Empty Retirement Wallets & Purses

The harsh realities are Americans are not saving enough. It‘s true, you can survive off a smaller nest egg, if you plan to live off of cat food and vacation in Tijuana, but most Americans and retirees have become accustomed to a higher standard of living. A New York Times article highlighted that 75% percent of Americans nearing retirement age had less than $30,000 in their retirement accounts – that’s not going to buy you that winter home on Maui or leave enough to cover your golf dues at the local country club.

Control the things that make a difference.

  • Save. Pay yourself first by tucking money away each month. If you haven’t established an IRA (Individual Retirement Account) or savings account, make sure you contribute to your employer’s matching 401(k) plan to the fullest extent possible, if available. This is free money your employer is offering you and by not participation you are shooting yourself in the foot.
  • Spend prudently. Review your monthly / annual budgets and determine where there is room to cut expenses. Every budget has fat in it, so it’s just a matter of cutting excessive and less important items, without sacrificing dramatic changes to your standard of living.
  • Manage your career. Invest in yourself with education, apply for that promotion, or look for other employment alternatives if you are unhappy or not being paid your proper value.
  • Push Retirement Out: If you are healthy and enjoy your work, extending your working years can have profoundly positive benefits to your retirement.
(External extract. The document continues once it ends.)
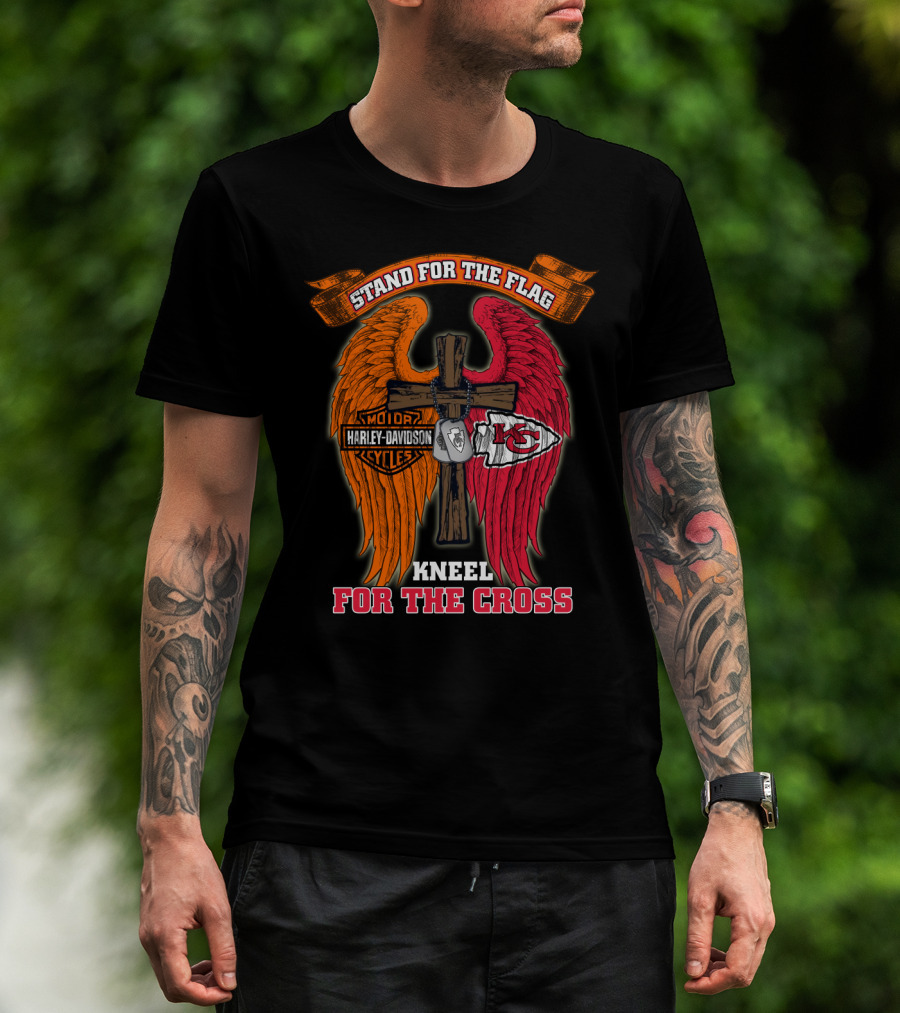 Stand For The Flag Kneel For The Cross Harley Davidson Kansas City Chiefs T-Shirt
Not only will you have more money saved up for retirement, but you will also receive higher Social Security benefits by delaying retirement (see Social Security benefit estimator).

The bottom-line is if you are like most working Americans, you will need to save more and invest more prudently (e.g., in a low-cost, tax-efficient manner like strategies offered by Sidoxia).

Use Your Thumb to Get Started

Rules of thumb are never perfect, but are not a bad place to start before fine-tuning your estimates. Some retirement pundits begin by using an 80% “income replacement ratio” rule as a retirement guide. In other words, you should not need 100% of your pre-retirement income during retirement because a number of your major living expenses should be reduced. For example, during retirement your tax expenses should decrease (because you are not working); your mortgage payment should be lower (i.e., house is paid off); your kids should be independent and off the family payroll; and you may be in the position to downsize your home (e.g., empty-nesters often decide to move to a lower square footage residence).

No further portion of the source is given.